Q36. How would you migrate a large codebase from bare go to errgroup?

Three steps. (1) Add a custom go/analysis linter that flags every bare go outside an allowlist; run it in CI as a warning, not an error, to surface the count. (2) Pick the worst offenders by frequency or by incident history; rewrite them one PR at a time. (3) Once the backlog drops to zero, flip the lint to error. The whole process typically takes weeks-to-months for a large service.

Q37. What's the difference between errgroup and sourcegraph/conc?

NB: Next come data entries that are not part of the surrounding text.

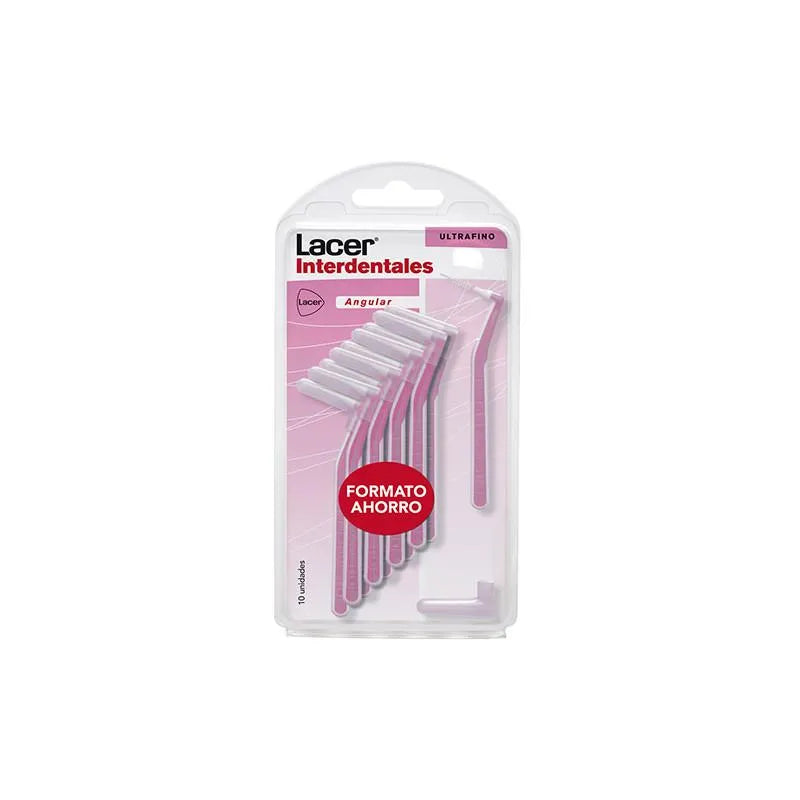LACER LACER 10 Eckige Interdentalbürsten zur Zahnzwischenraumreinigung Kosmetik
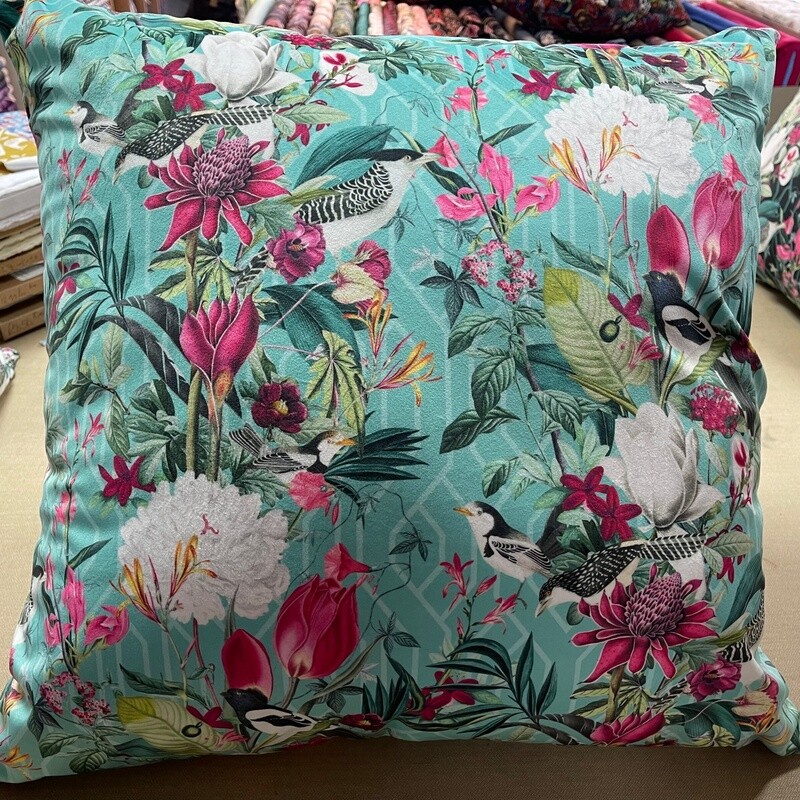 Large Cushion Cover - Patagonia in Mint - 290gsm Velvet
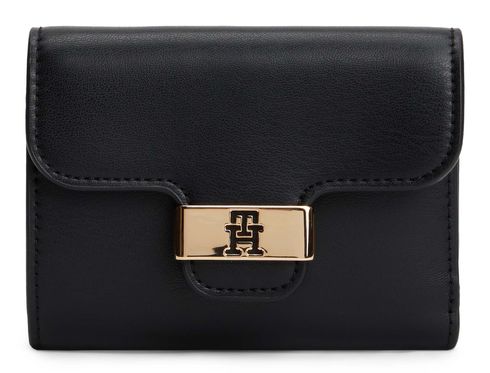 TOMMY HILFIGER TH Heritage Trifold Wallet Black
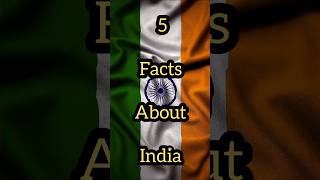 5 Facts About India 🇮🇳|#shorts #facts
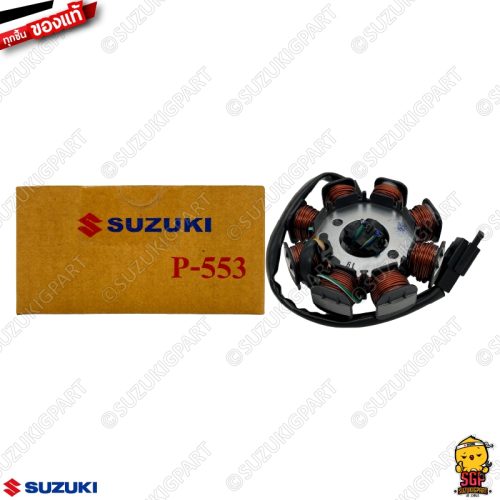 Cuộn dây Stator Assy chính hãng Suzuki Shogun 125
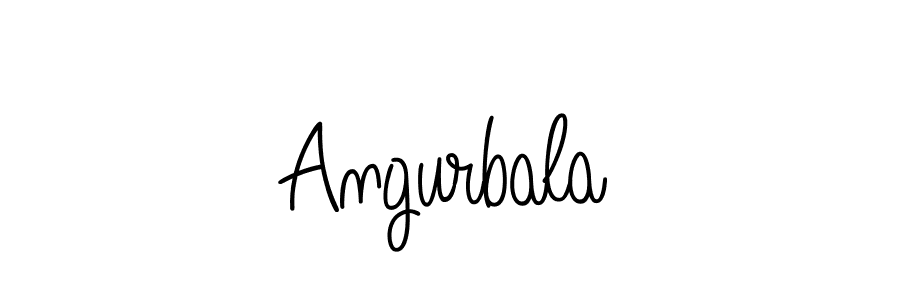 Make a beautiful signature design for name Angurbala. With this signature (Angelique-Rose-font-FFP) style, you can create a handwritten signature for free. Angurbala signature style 5 images and pictures png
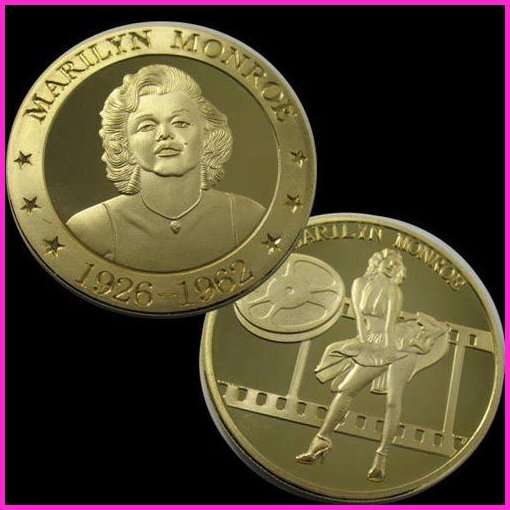 Marilyn Monroe 24Kt Gold-plated Commemorative Coin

conc is a structured-concurrency library that builds on the same ideas but adds generic types, mandatory panic recovery, and helpers like Pool and Iterator. Use conc when you want type-safe result aggregation and don't mind the extra dependency. Use errgroup for the small dependency surface and the de-facto-standard API.

Q38. Is the errgroup package likely to ever land in the standard library?

Unclear. The Go team has discussed it. The package is stable and well-used; promoting it to stdlib would require freezing the API. The team has been content to leave it in x/sync. A more likely change is a future task or sync/scope package that learns from errgroup but ships a more enforced API.

Q39. How does errgroup.WithContext interact with context.WithValue?

errgroup.WithContext(parent) returns a derived context that inherits all of parent's values. Values placed in parent are visible via gctx. Cancellation is independent: cancelling gctx does not affect parent. This is the standard context.Context behaviour — errgroup doesn't do anything special.

Q40. Final big-picture question: where does Go fall on the structured-concurrency spectrum?

Level 1 in the taxonomy: library convention, no language enforcement. Kotlin, Swift, and Trio are at Level 3 (compile-time enforcement). C is at Level 0 (no support). Go's choice trades enforcement for flexibility; the cost is that discipline lives in the team, not the compiler.